Source records section start

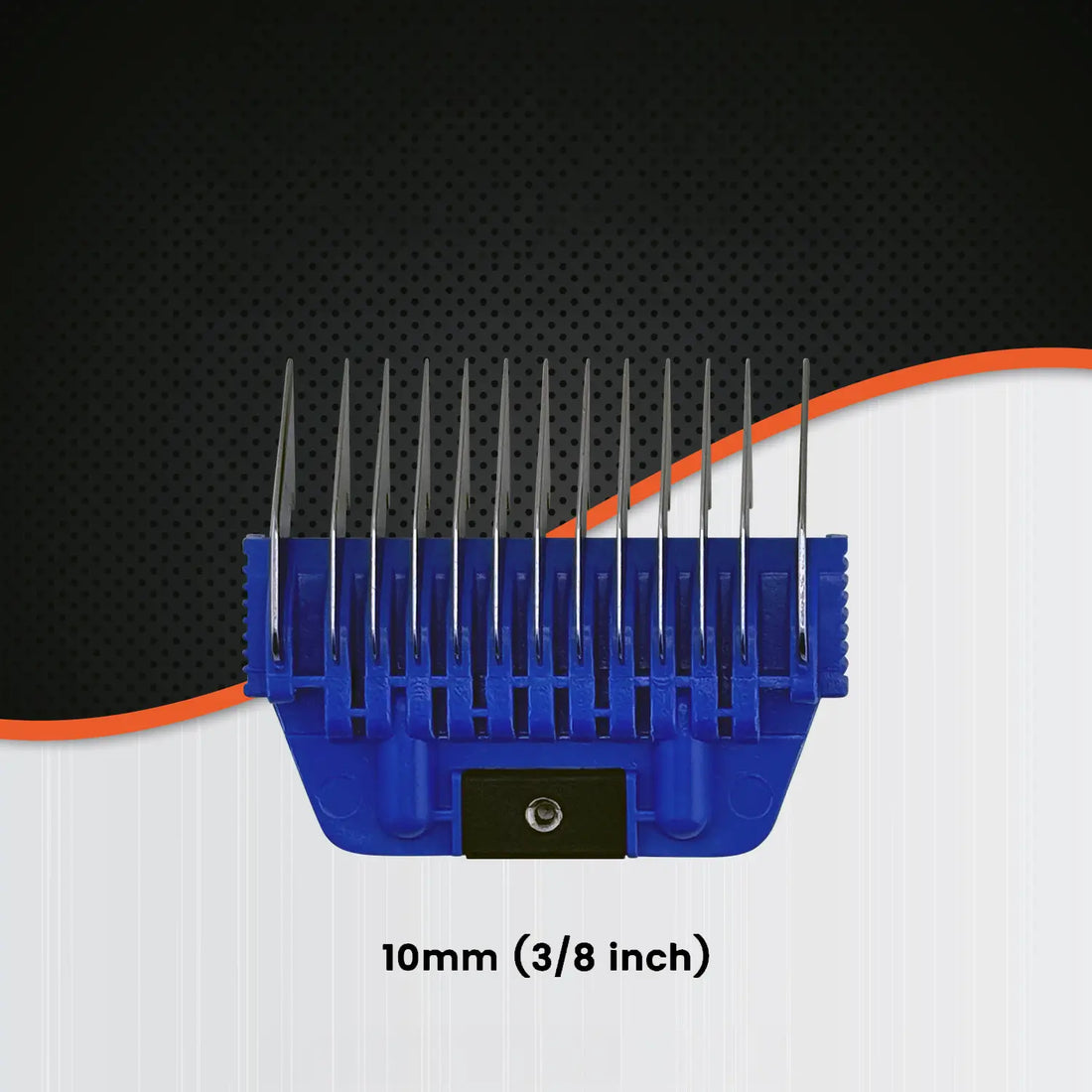 10mm ColorMax (3/8″) Wide Blade Guard Comb
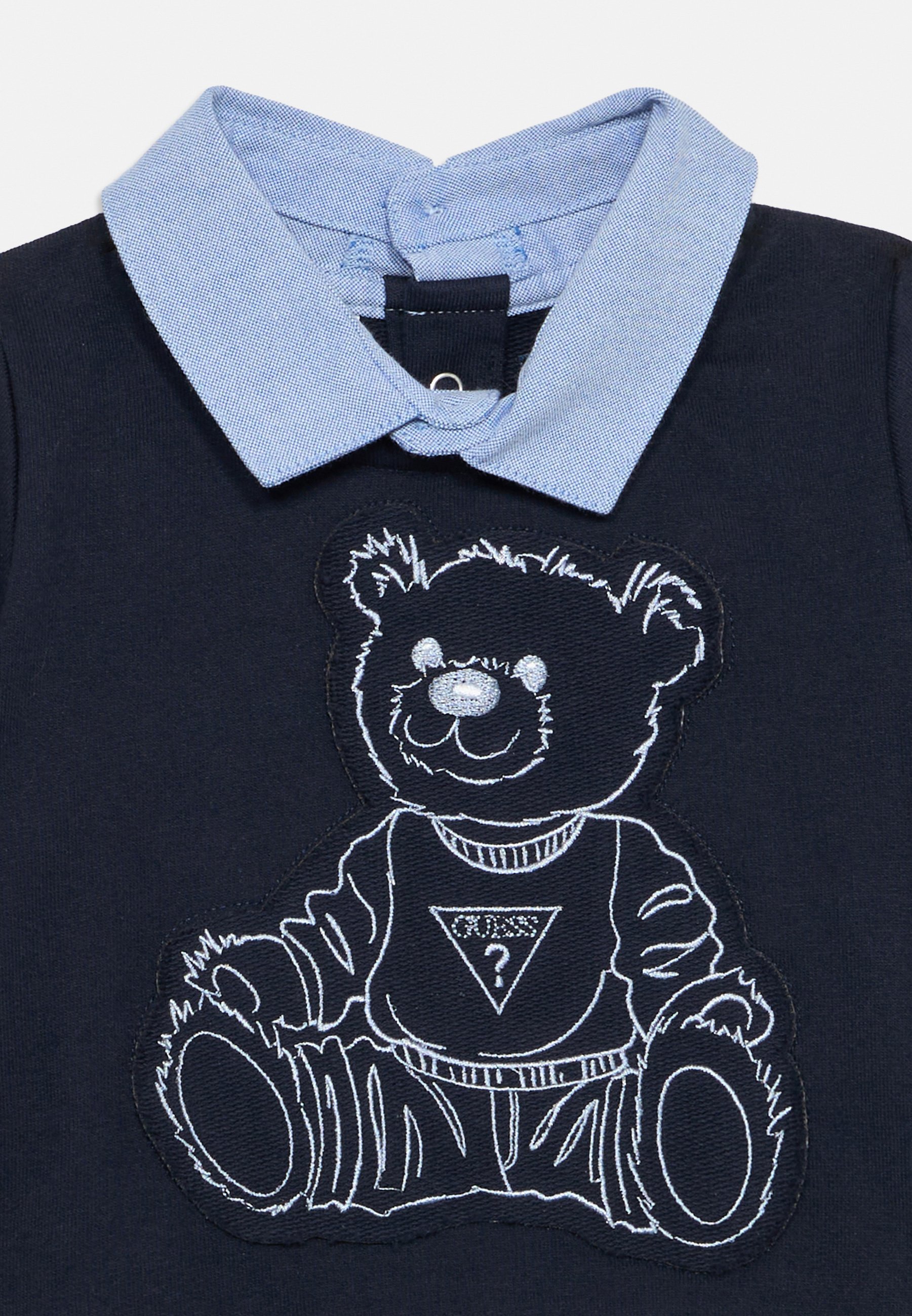 Guess BABY SET - Sweatshirt - stijlvol blauw
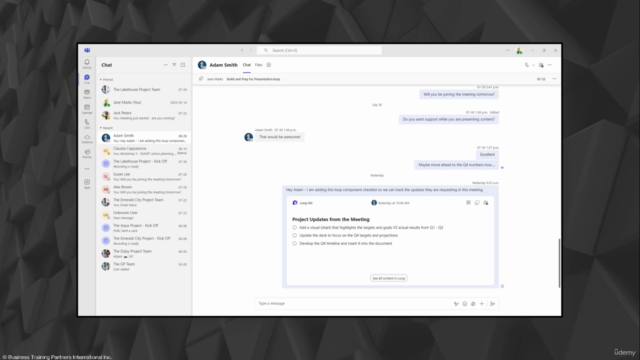 Microsoft Loop Masterclass Course: Use Loop Like a Pro – Screenshot 3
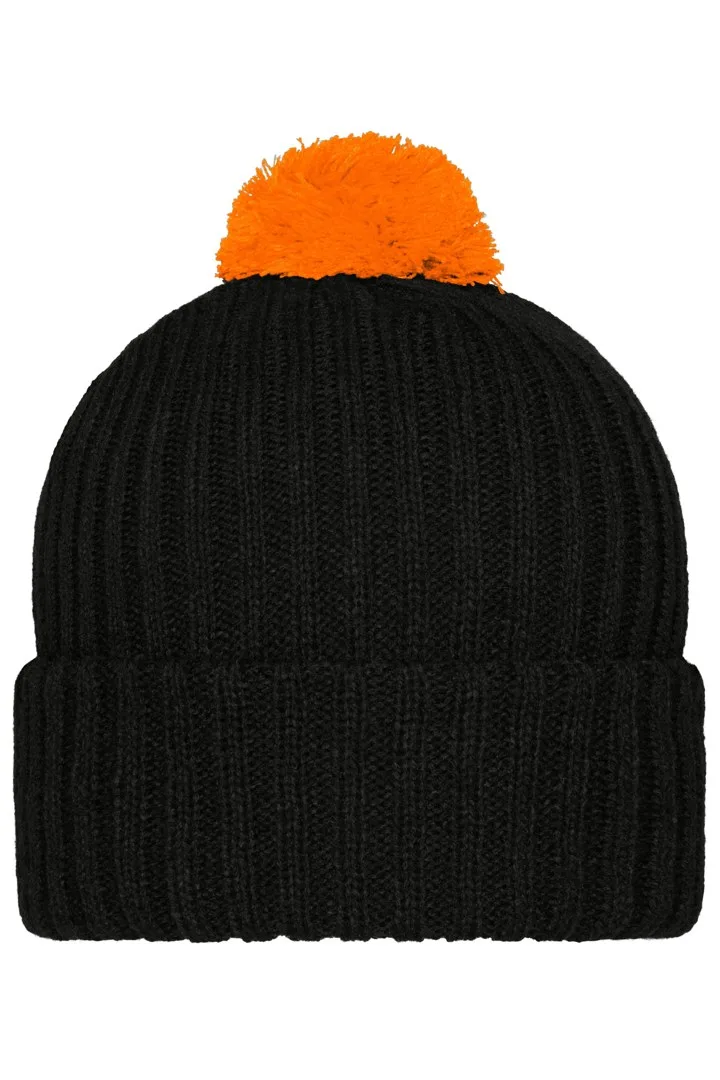 Black / Orange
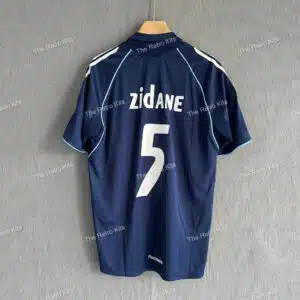 The Retro Kit | Real Madrid 2005/2006 Away Kit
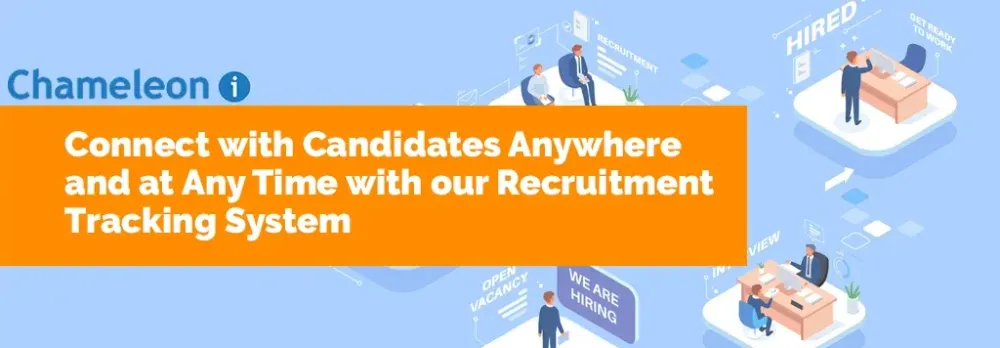 Connect with Candidates Anywhere and at Any Time with our Recruitment Tracking System
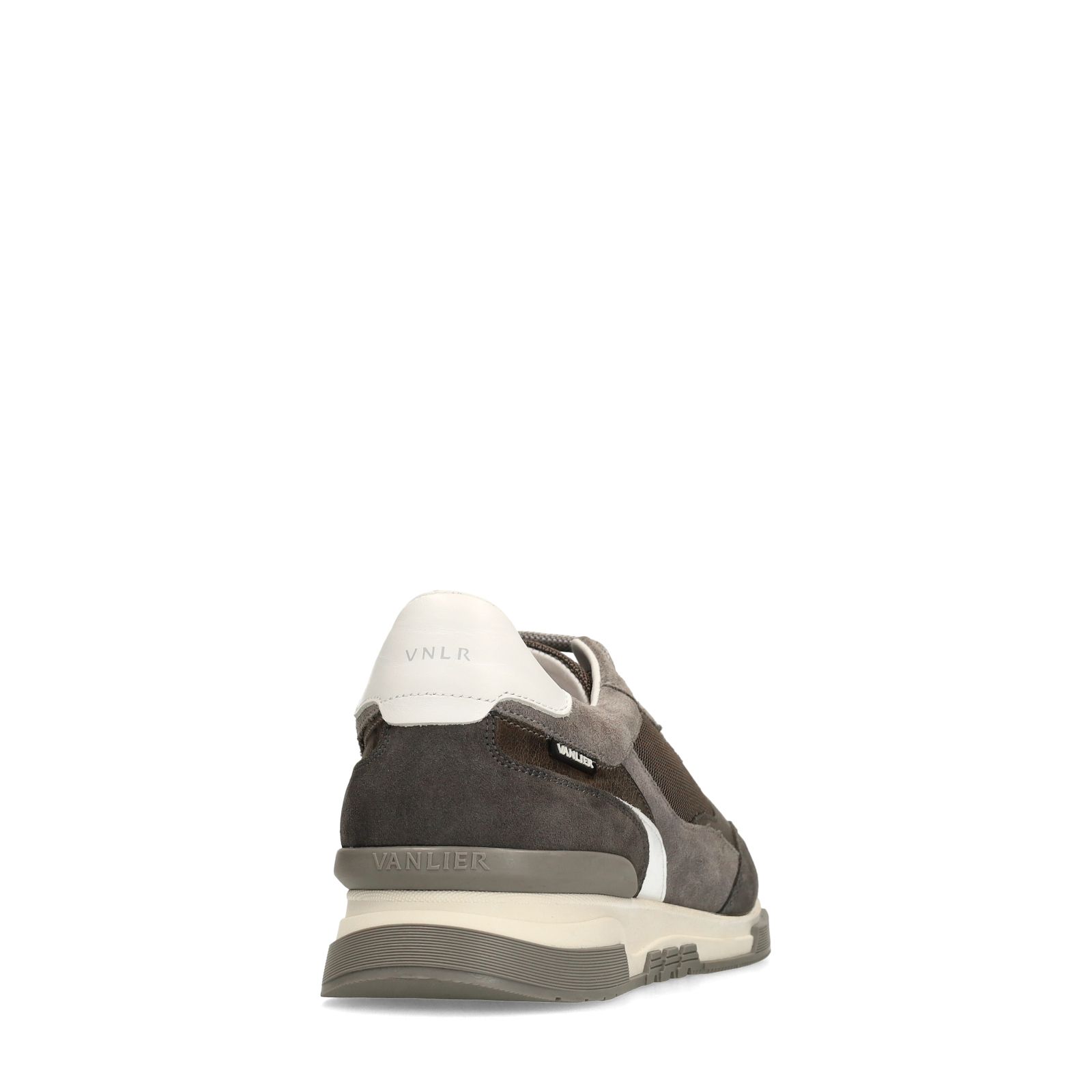 Grijze Romeo nubuck sneakers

Source records section end

• [What you will do]
Having located the line with "Microsoft Loop Masterclass", transcribe exactly and only the lines from it to the final line of the material, skipping the pictures.

• [Problem solution]
 Microsoft Loop Masterclass Course: Use Loop Like a Pro – Screenshot 3
 Black / Orange
 The Retro Kit | Real Madrid 2005/2006 Away Kit
 Connect with Candidates Anywhere and at Any Time with our Recruitment Tracking System
 Grijze Romeo nubuck sneakers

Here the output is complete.